In other words, the human no longer approves each step. The AI judges and executes on its own across the entire workflow, while the human monitors and intervenes only when something goes wrong. Someone with authority can redirect the work, but stays out of day-to-day execution.

This structure is called "human on the loop" — a concept first formalized in the military. The classic example is an autonomous surveillance drone patrolling independently while a remote operator monitors in real time, ready to step in when needed.

In a work context, it looks like this: ten AI agents run different tasks simultaneously — writing code, opening pull requests, running tests, fixing bugs. The human watches a dashboard, tracks overall progress, and corrects only the tasks that drift off course. Y Combinator's Garry Tan running 10 to 15 parallel sprints with gstack is close to this stage.

The core risk is automation complacency​: AI seems to be running fine, supervision slackens, and problems quietly accumulate until they erupt all at once. As the gap widens between when AI acts and when humans intervene, the blast radius of failure grows.

The EU AI Act (Article 14) mandates "effective human oversight" of high-risk AI systems precisely because regulators recognize the risks of this stage.

Stage 4: AI Generates Its Own Revenue — Human out of the Loop

This stage hasn't fully arrived, but the direction is unmistakable: AI operating autonomously without human supervision, all the way through to monetization. Finding customers, delivering services, managing costs, generating revenue — the stuff of dreams.

This is called "human out of the loop." Humans define the goals, constraints, and success criteria, but stay out of day-to-day operations.
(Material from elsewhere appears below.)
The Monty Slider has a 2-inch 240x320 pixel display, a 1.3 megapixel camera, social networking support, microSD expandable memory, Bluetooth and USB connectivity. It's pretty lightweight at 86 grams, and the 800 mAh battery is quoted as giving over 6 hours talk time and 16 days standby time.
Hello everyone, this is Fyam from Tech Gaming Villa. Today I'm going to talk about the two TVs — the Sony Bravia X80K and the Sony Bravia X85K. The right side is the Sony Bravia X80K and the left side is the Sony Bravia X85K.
Parts of algorithmic trading already come close, and the final stage of autonomous driving — SAE Level 5 — is the same idea.

The biggest risk here isn't technical; it's accountability. When an AI's autonomous decision causes a loss, who answers for it? When an AI delivers a faulty service to a customer, who is the legal party? Even once it's technically feasible, this stage is hard to realize without the law and social consensus to back it up.

The Stages Coexist

In reality, these four stages don't arrive in sequence — they coexist. They mix within the same company, even within the same workflow.
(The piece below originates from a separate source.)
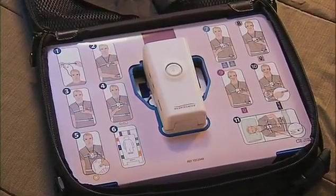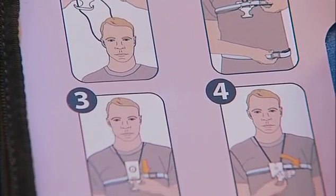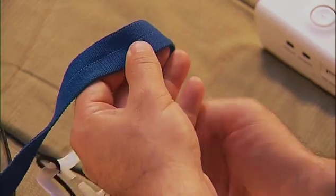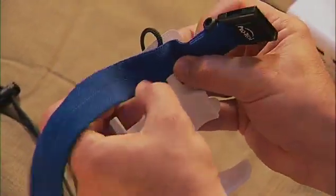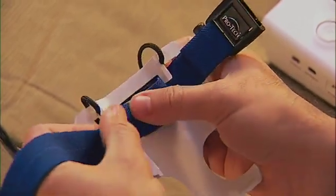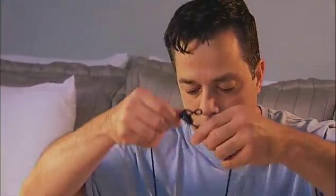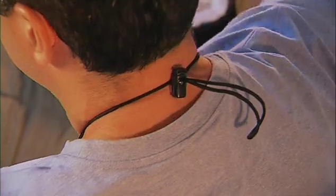Let's begin assembling the device. For reference, you can also refer to the sequence of instructions on the color-coded diagram located in the device case. First, check to see if the blue chest effort belt is already in place. If it isn't, slide it through the slots in the holder going from front to back. Place the lanyard over your head and around your neck.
Consider how an airline rebooks passengers after a flight cancellation. Simple rebookings for economy passengers are handled autonomously by AI (close to Stage 4). For a first-class passenger with a complex international connection, the AI assembles the context and asks a senior employee to approve (Stage 2). A manager monitors the entire rebooking flow, watching for cost anomalies and pattern errors (Stage 3).

Within a single workflow, different stages apply depending on how risky each decision is. Going forward, the key to designing AI adoption won't be the blanket question "how do we bring AI into our company?" but the sharper one: "which stage does this particular task belong to?"

Where We Are, and Where This Goes

Most individuals and organizations sit between Stages 1 and 2 — using AI as an assistant, or letting agents draw up plans that humans approve.

But the move toward Stage 3 is accelerating. Approaches like Claude Code and gstack — where AI agents autonomously write, test, and ship code while humans supervise and make only the critical calls — are spreading fast.

Stage 4 still sounds far off, but pieces of it have already begun. AI is running ad campaigns, adjusting prices, and handling customer service across a widening range of domains. Handing AI the entire revenue engine, though, is less a question of technology than of institutions and trust.

As you climb the stages, AI's autonomy grows and the human role shifts from execution to design. The nature of the risk shifts too — from technical error to structural accountability.

What matters isn't simply identifying which stage you're in, but thinking hard about the posture you need to hold. That's why I'd conclude that what's required is the mindset of a planner, a project manager. The person who concretely understands and can steer the entire journey of a product or service — from conception to delivery — is the one who can ultimately manage AI from outside the loop, as its executive.